The new year is so close you can almost taste it – which probably means that you’ve already started planning some of the resolutions that you want to put into place as you head into 2020. For most of us, a new year is a chance to overcome some of our bad habits and replace them with better ones. Sometimes, that will mean using your new year’s resolution to lose weight or eat healthier. Other times, you might decide that you want to quit smoking.
One common resolution that would all benefit from making this year, is deciding to spend less in 2020. If you’re the kind of person who’s constantly worrying about where your money is going, then following money-saving tips could help you to get back on track for the new year.
One of the main reasons why people struggle to save money is that spending cash is so easy in the current landscape. You don’t even need to remember your PIN number anymore, If you’re paying less than £30 for something, you can just flash a card or use your phone to make a contactless payment. While that does make life more convenient at times, it also means that you can spend without thinking about it.
As you head into 2020, make sure that you’re looking for ways to make spending money a bit harder. Take cash wherever you go, rather than cards, so you can stick to the pre-set limit that you’ve already arranged for yourself. Consider removing your payment details from any websites that you tend to use online too, as this will also mean that you need to go and find your details before you can make a purchase.
It’s easy to tell yourself that you’re saving money when you use your emergency savings to buy a car for £200 from a friend, rather than going to a garage. However, if you end up spending thousands of pounds on that vehicle because it’s constantly breaking down, then you’re not really saving anything. Sometimes in life, you need to be willing to pay a little extra for an item that will last you longer – even if that means taking out a personal loan so you can pay back what you owe over time.
In 2020, make sure that you remember that saving money doesn’t have to mean buying the cheapest version of everything.
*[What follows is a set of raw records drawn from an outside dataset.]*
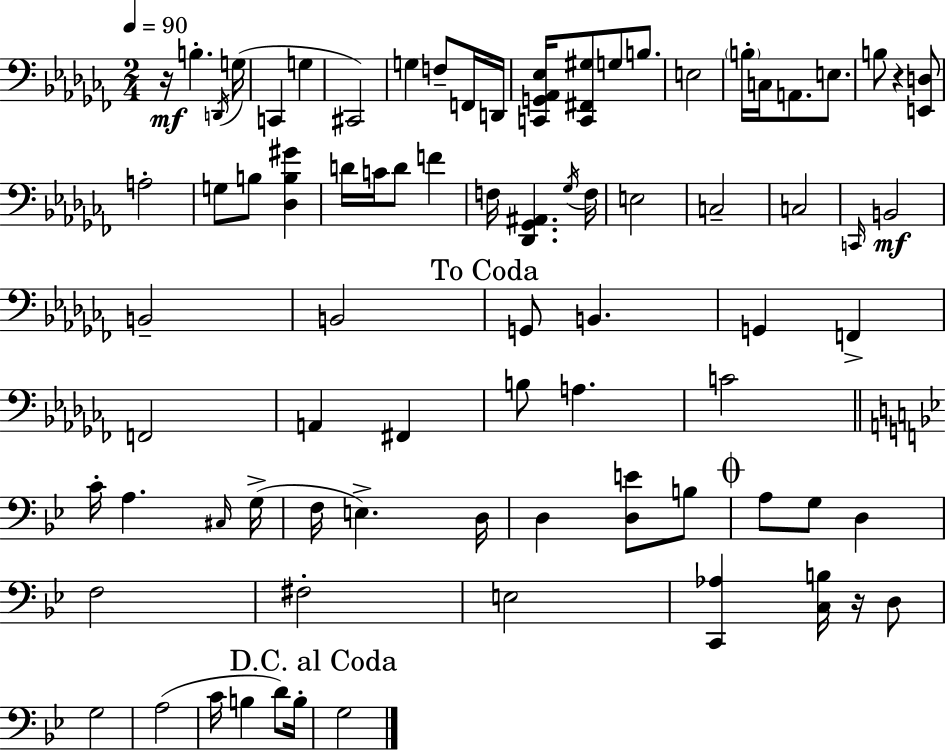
R/s B3/q. D2/s G3/s C2/q G3/q C#2/h G3/q F3/e F2/s D2/s [C2,G2,Ab2,Eb3]/s [C2,F#2,G#3]/e G3/e B3/e. E3/h B3/s C3/s A2/e. E3/e. B3/e R/q [E2,D3]/e A3/h G3/e B3/e [Db3,B3,G#4]/q D4/s C4/s D4/e F4/q F3/s [Db2,Gb2,A#2]/q. Gb3/s F3/s E3/h C3/h C3/h C2/s B2/h B2/h B2/h G2/e B2/q. G2/q F2/q F2/h A2/q F#2/q B3/e A3/q. C4/h C4/s A3/q. C#3/s G3/s F3/s E3/q. D3/s D3/q [D3,E4]/e B3/e A3/e G3/e D3/q F3/h F#3/h E3/h [C2,Ab3]/q [C3,B3]/s R/s D3/e G3/h A3/h C4/s B3/q D4/e B3/s G3/h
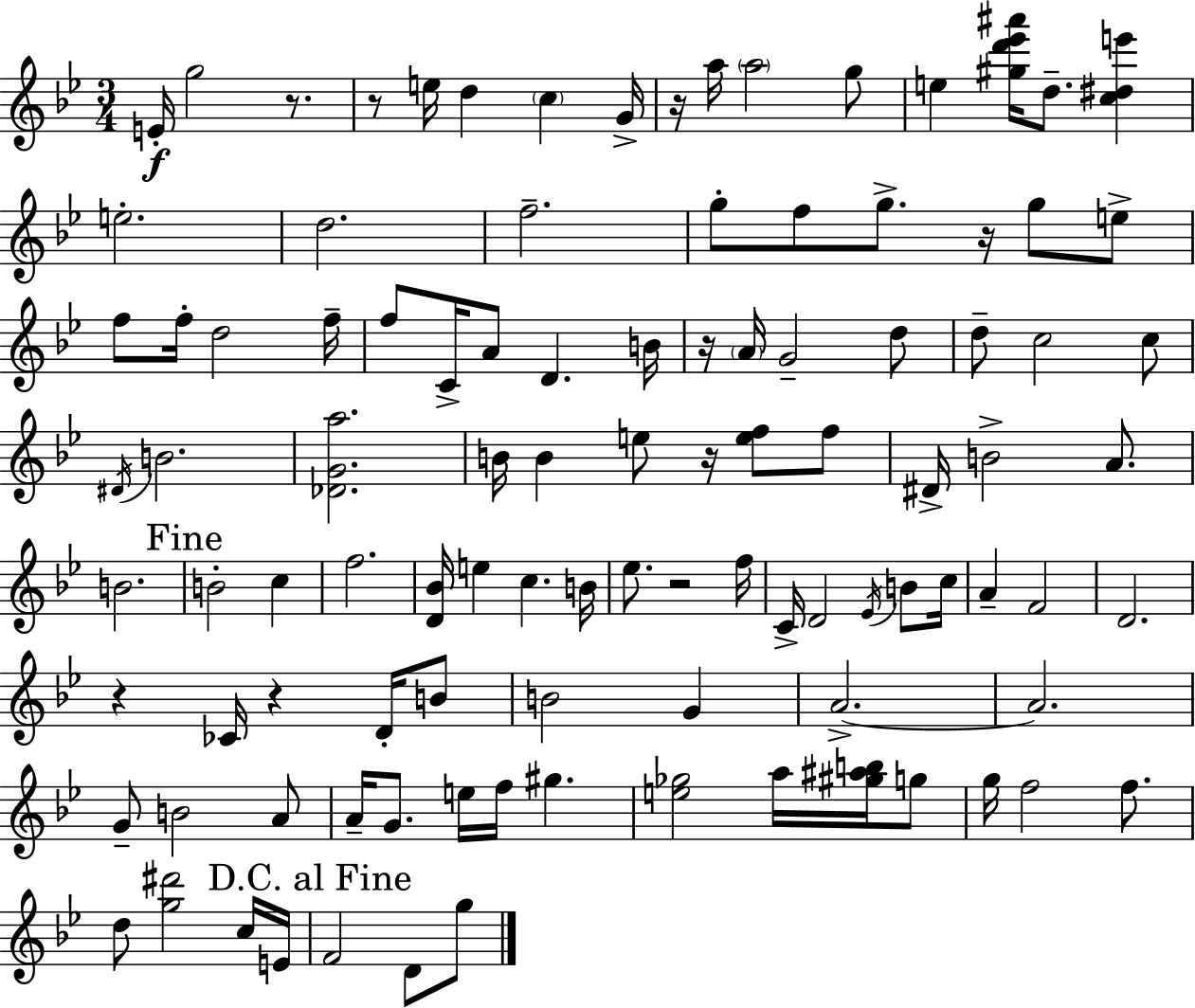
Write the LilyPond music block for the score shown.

{
  \clef treble
  \numericTimeSignature
  \time 3/4
  \key bes \major
  e'16-.\f g''2 r8. | r8 e''16 d''4 \parenthesize c''4 g'16-> | r16 a''16 \parenthesize a''2 g''8 | e''4 <gis'' d''' ees''' ais'''>16 d''8.-- <c'' dis'' e'''>4 | \break e''2.-. | d''2. | f''2.-- | g''8-. f''8 g''8.-> r16 g''8 e''8-> | \break f''8 f''16-. d''2 f''16-- | f''8 c'16-> a'8 d'4. b'16 | r16 \parenthesize a'16 g'2-- d''8 | d''8-- c''2 c''8 | \break \acciaccatura { dis'16 } b'2. | <des' g' a''>2. | b'16 b'4 e''8 r16 <e'' f''>8 f''8 | dis'16-> b'2-> a'8. | \break b'2. | \mark "Fine" b'2-. c''4 | f''2. | <d' bes'>16 e''4 c''4. | \break b'16 ees''8. r2 | f''16 c'16-> d'2 \acciaccatura { ees'16 } b'8 | c''16 a'4-- f'2 | d'2. | \break r4 ces'16 r4 d'16-. | b'8 b'2 g'4 | a'2.->~~ | a'2. | \break g'8-- b'2 | a'8 a'16-- g'8. e''16 f''16 gis''4. | <e'' ges''>2 a''16 <gis'' ais'' b''>16 | g''8 g''16 f''2 f''8. | \break d''8 <g'' dis'''>2 | c''16 e'16 \mark "D.C. al Fine" f'2 d'8 | g''8 \bar "|."
}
Sometimes, successfully saving cash can be as simple as making sure that you don’t have to buy a replacement too quickly.
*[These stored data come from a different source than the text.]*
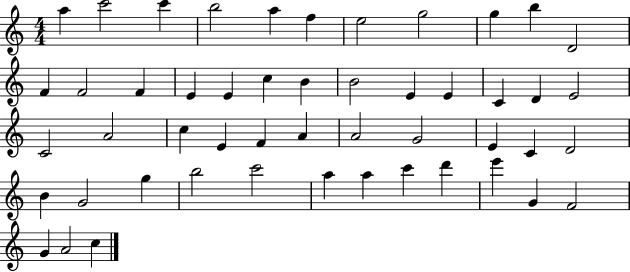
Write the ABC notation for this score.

X:1
T:Untitled
M:4/4
L:1/4
K:C
a c'2 c' b2 a f e2 g2 g b D2 F F2 F E E c B B2 E E C D E2 C2 A2 c E F A A2 G2 E C D2 B G2 g b2 c'2 a a c' d' e' G F2 G A2 c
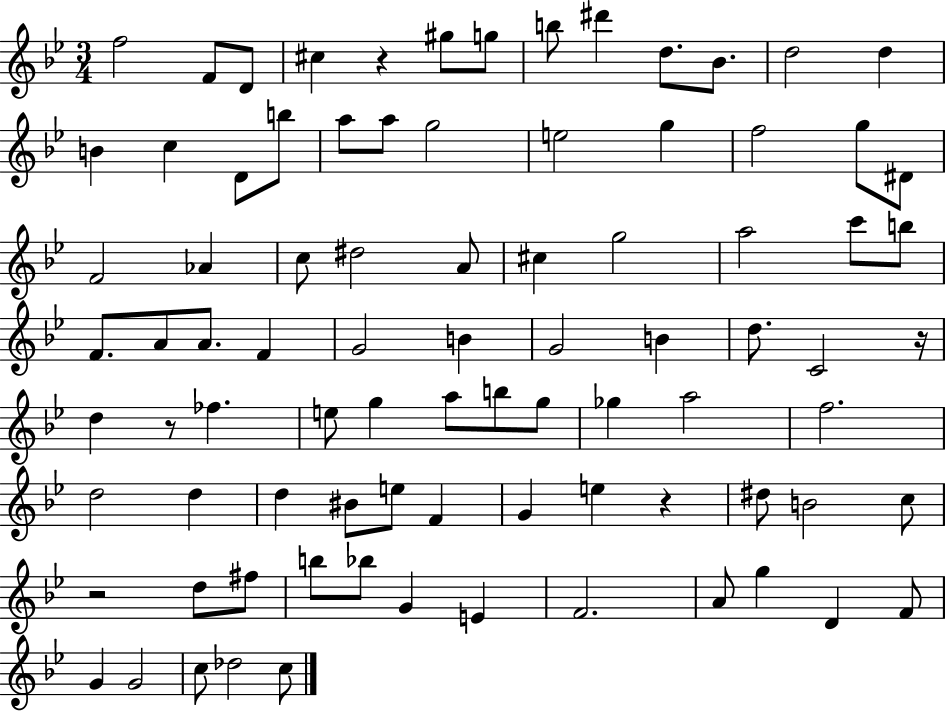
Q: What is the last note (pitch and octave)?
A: C5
Speaking of your car, maybe that’s the thing that’s really draining your finances each month. Most of us spend more than we would care to admit on things like petrol and maintenance. If you find that you’re constantly wasting all of your income on your vehicle, then 2020 could be the year that you create a ride share strategy with some of your friends from work. Arrange for one person on your team to pick everyone up on a certain day of each week. This will save everyone in your group some money.
You can also try using other methods to cut your transport costs too. For instance, you can reduce everyday expenses for traveling to and from local places. Don’t get into your car when you’re just going to the corner shop, ride your bike, or take a walk instead.
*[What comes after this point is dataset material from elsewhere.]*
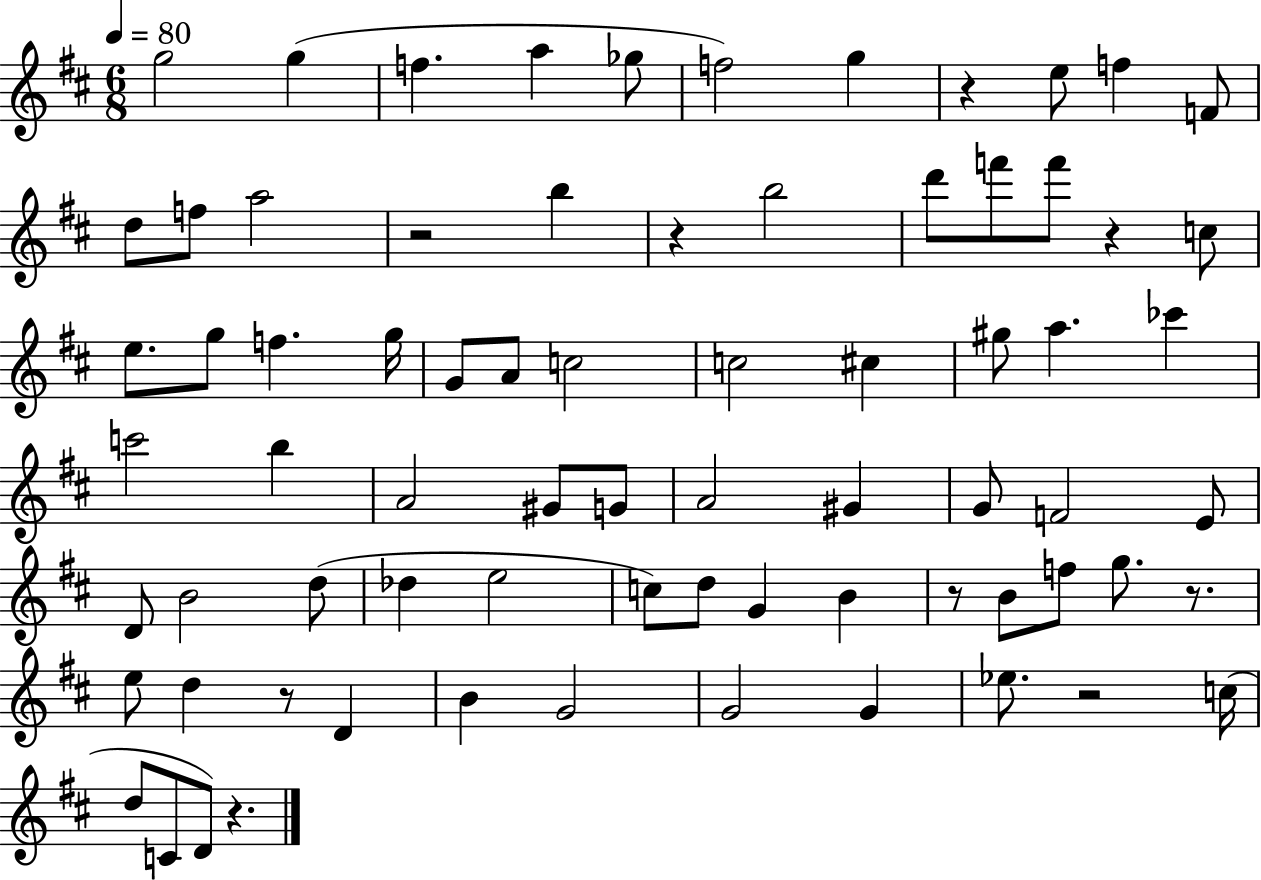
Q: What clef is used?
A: treble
If you haven’t been to the citizen’s advice bureau for a while, then you could be missing out on opportunities to access extra sources of financial help. There are solutions out there like universal credit that can make it a lot cheaper to manage your monthly bills like council tax and electricity. All you need to do is fill out a few basic forms to start with.
A lot of people today are missing out on money-saving opportunities because they’re not claiming the benefits that are available to them. Your Citizen’s Advice office will be able to give you an insight into what you can get.
Finally, remember that you might not notice a huge change to your finances as soon as you begin implementing new strategies for saving. It takes time to make a real difference to your cash situation, and you’re likely to still be recovering from Christmas during the months of January and February too. Keep working on your plan, and if you notice that anything isn’t working as well as it should be, consider going back and taking a second look at your strategy.